As the CEO and President of K&P Contracting Ltd. in Flatrock – a new home construction builder and renovator that has been focused on energy efficiency for more than 35 years – Curtis is at the heart of the energy efficiency and construction industry in Newfoundland. Over the years, he’s seen a gradual movement in this direction within the sector. People are getting informed, he says, asking more questions about energy efficiency and what can be done.
“I think it’s the way of the future and this has a lot to do with knowledge. Energy efficiency makes your products better without costing more money. Period.”
But there’s still a stigma in terms of cost and value, warns Curtis. People are worried about the higher construction costs of efficient buildings, but they are also worried about higher energy costs, he explains. He wants to help square that circle by increasing dialogue in the sector.“I try to advocate for other builders to be more energy efficient – I don’t see it as a competition. I think the more people involved the better. Personally, I love teaching people the importance of increasing their efficiency and decreasing their carbon footprint.”

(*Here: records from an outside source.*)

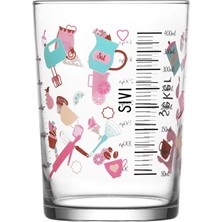 4 Adet   Lav Bodega Ölçü Bardağı 520 cc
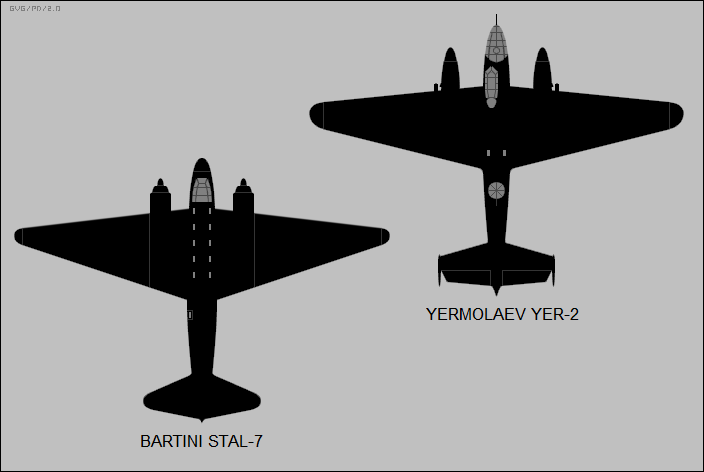 Bartini Stal-7 & Yermolaev Yer-2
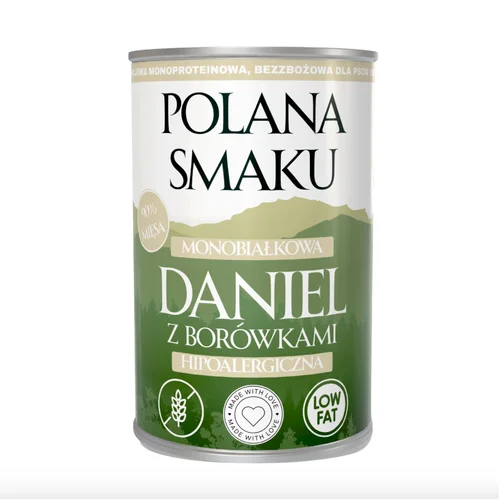 Polana Smaku - Daniel z Borówkami 400g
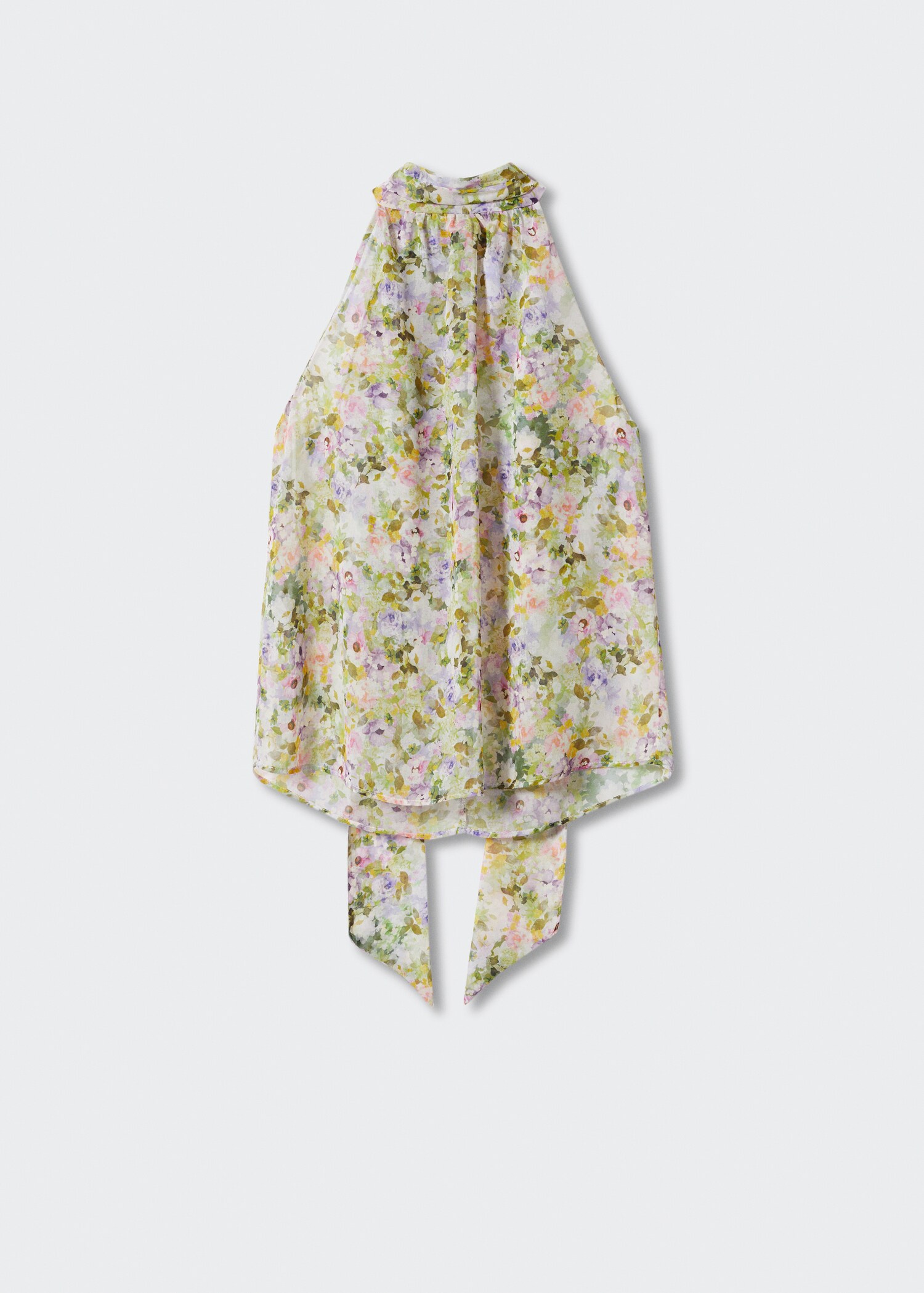 Blusa lazo cuello halter - Artículo sin modelo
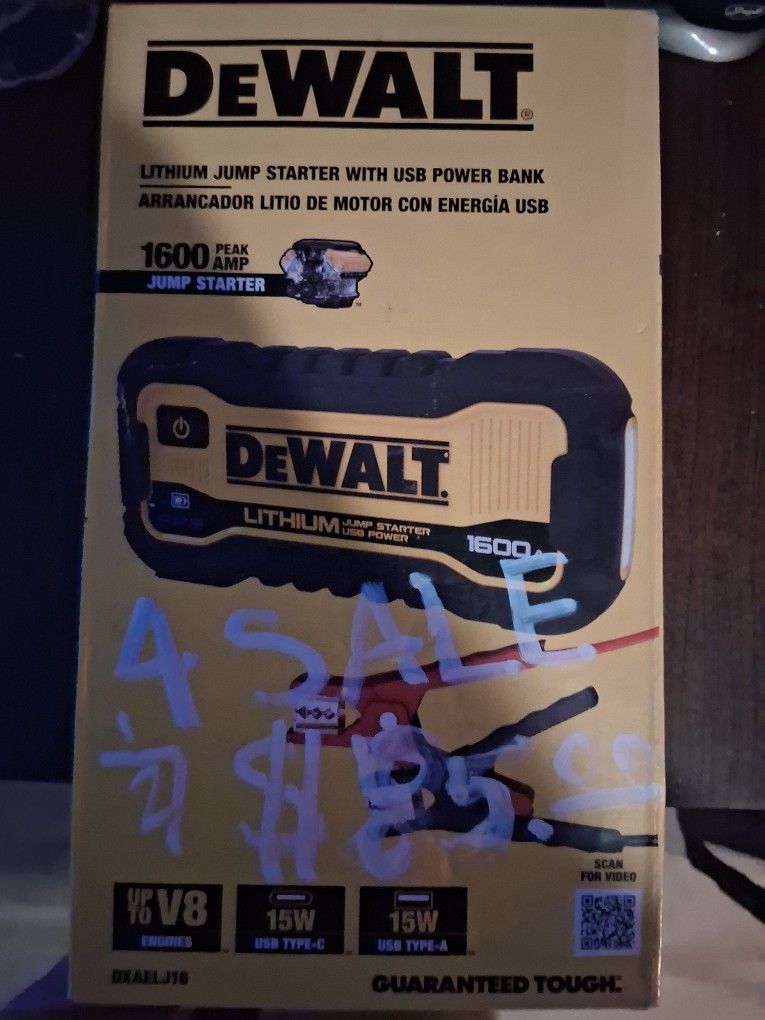 Dewalt Portable Jumper Box And TCL Tablet  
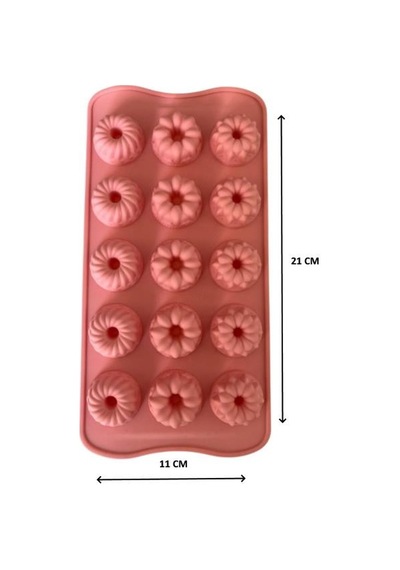 Silikon Çikolata Kalıbı Karışık 21 11 Cm Çok Renkli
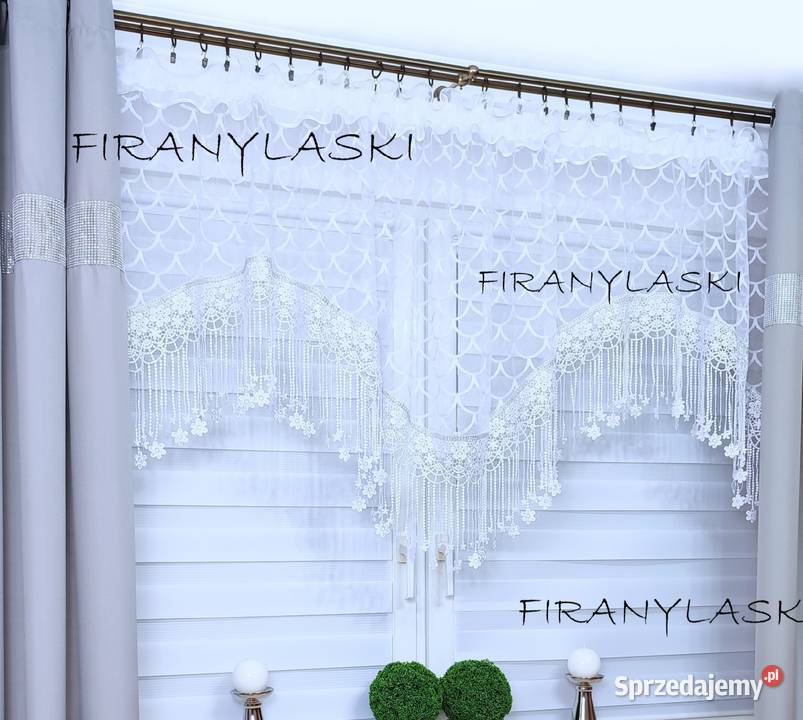 Firana Gotowa Firanki do salonu pokoju kuchni Inowrocław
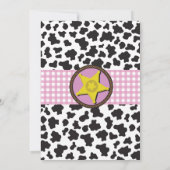 カウボーイ女性のカーボーイバースデーパーティーカウガールピンク招待状 招待状 (裏面)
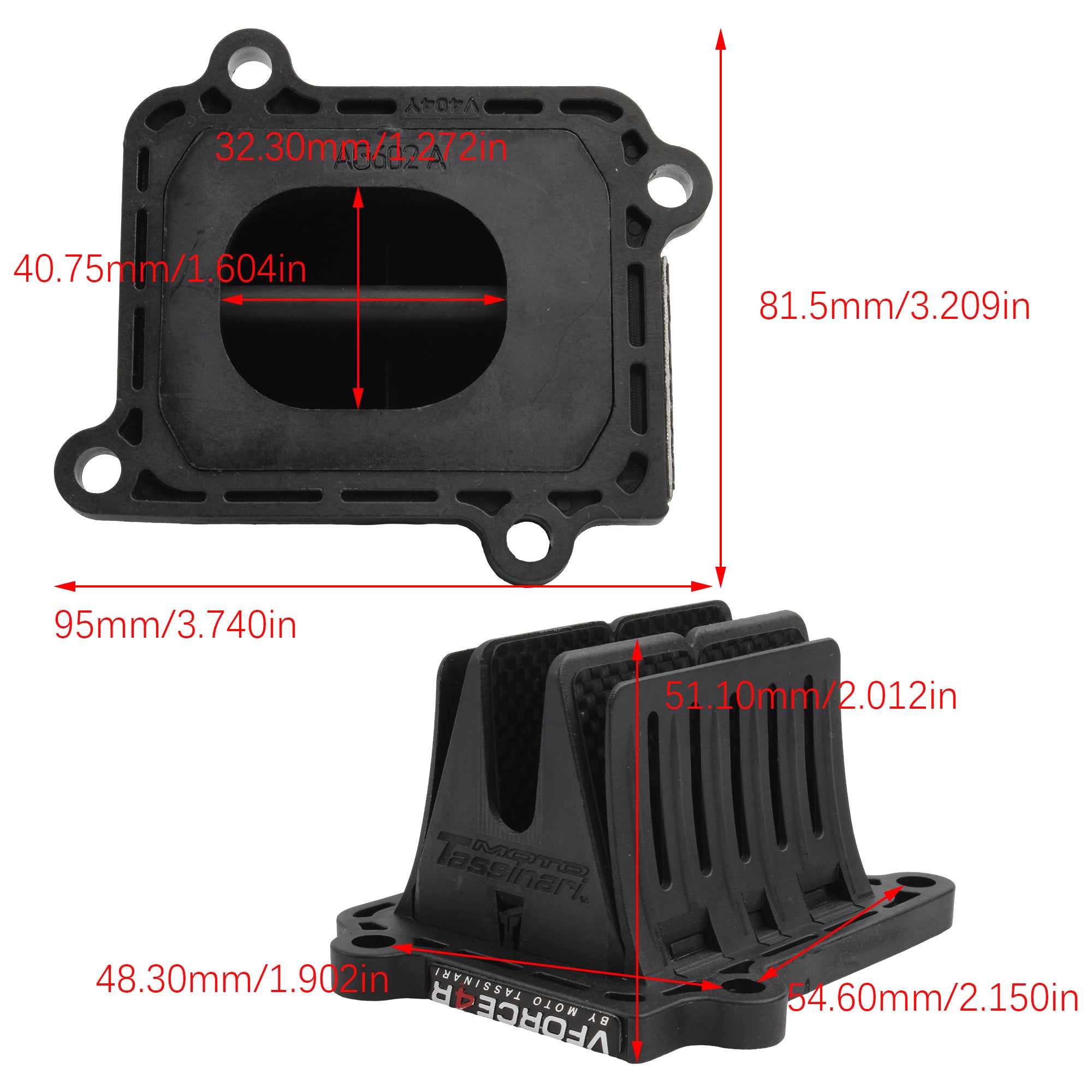Motorcycle Reed Valve V Force 4R04 for Yamaha YZ125 2005-2020 Carbon Fiber Air Intake System Accessories Motocross Parts Bike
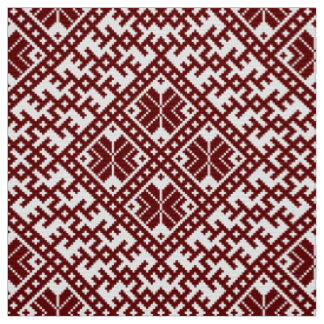 Tecido Padrão tradicional de Design branco e vermelho let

Education and problem solving is where Curtis finds the greatest joy in his work. “In one situation, we needed to figure out how to triple the size of a building and still reduce its energy use, and we did it” explains Curtis. “People coming back and realizing the benefits – that’s a great feeling.”
Curtis believes awareness and education will be key to the construction industry adapting to and adopting the energy efficiency opportunities.